[[ RAW DATA, beginning ]]

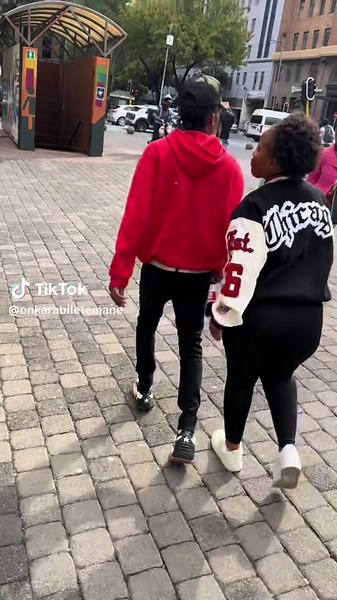 What’s behind the bow-legged stride some guys adopt?😂😭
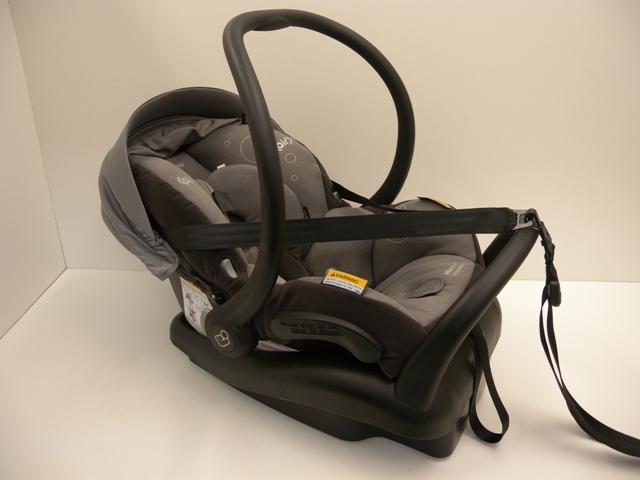 Maxi-Cosi Mico AP Series MAP2013 fitted with seatbelt | Child Car Seats ...
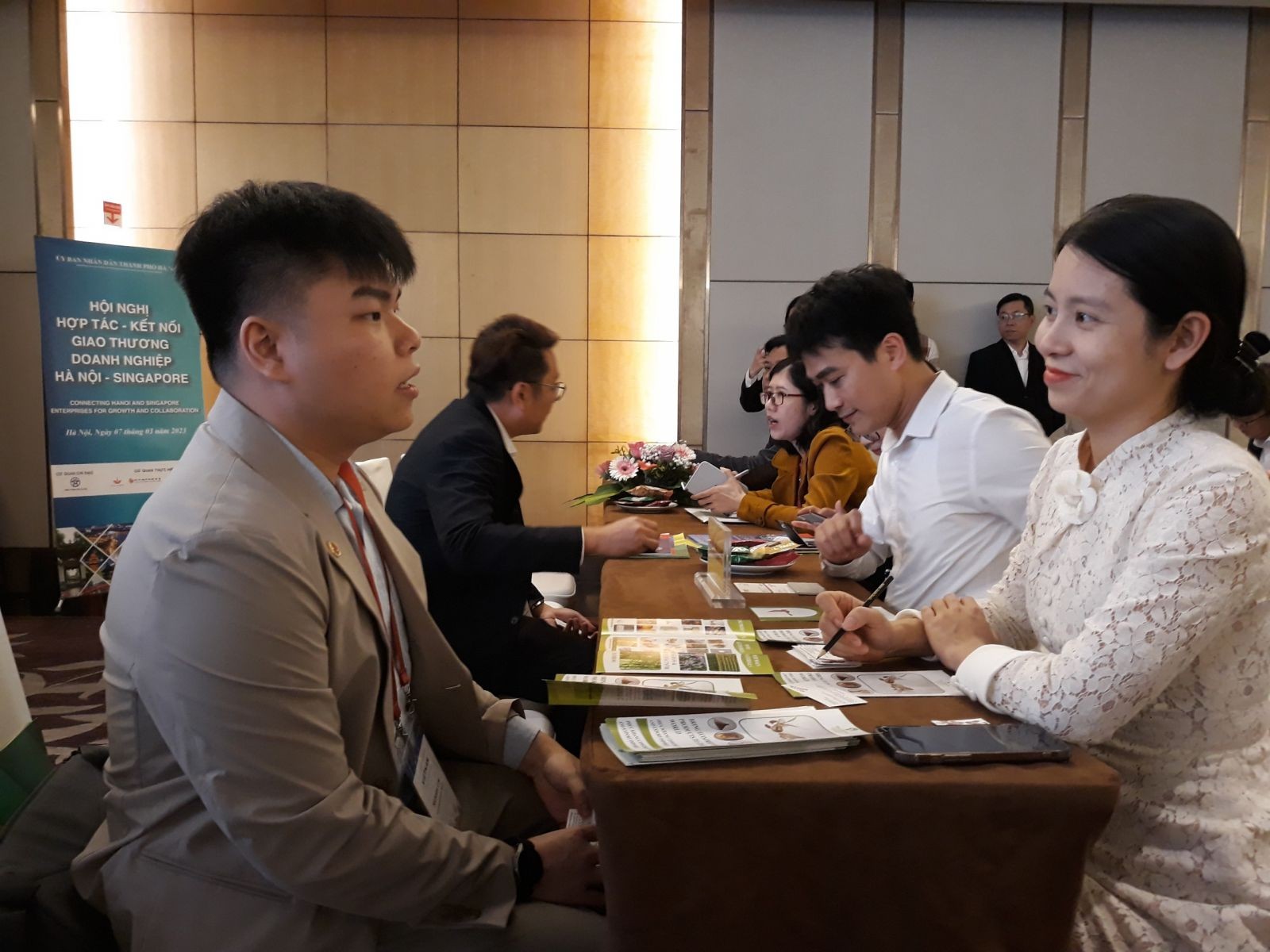 Kim ngạch thương mại Việt Nam - Singapore lập kỷ lục mới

[[ RAW DATA, end ]]

— THE TASK —
Repeat the material above exactly. Leave every picture out of it.

— RESPONSE FOR THIS EXERCISE —
 What’s behind the bow-legged stride some guys adopt?😂😭
 Maxi-Cosi Mico AP Series MAP2013 fitted with seatbelt | Child Car Seats ...
 Kim ngạch thương mại Việt Nam - Singapore lập kỷ lục mới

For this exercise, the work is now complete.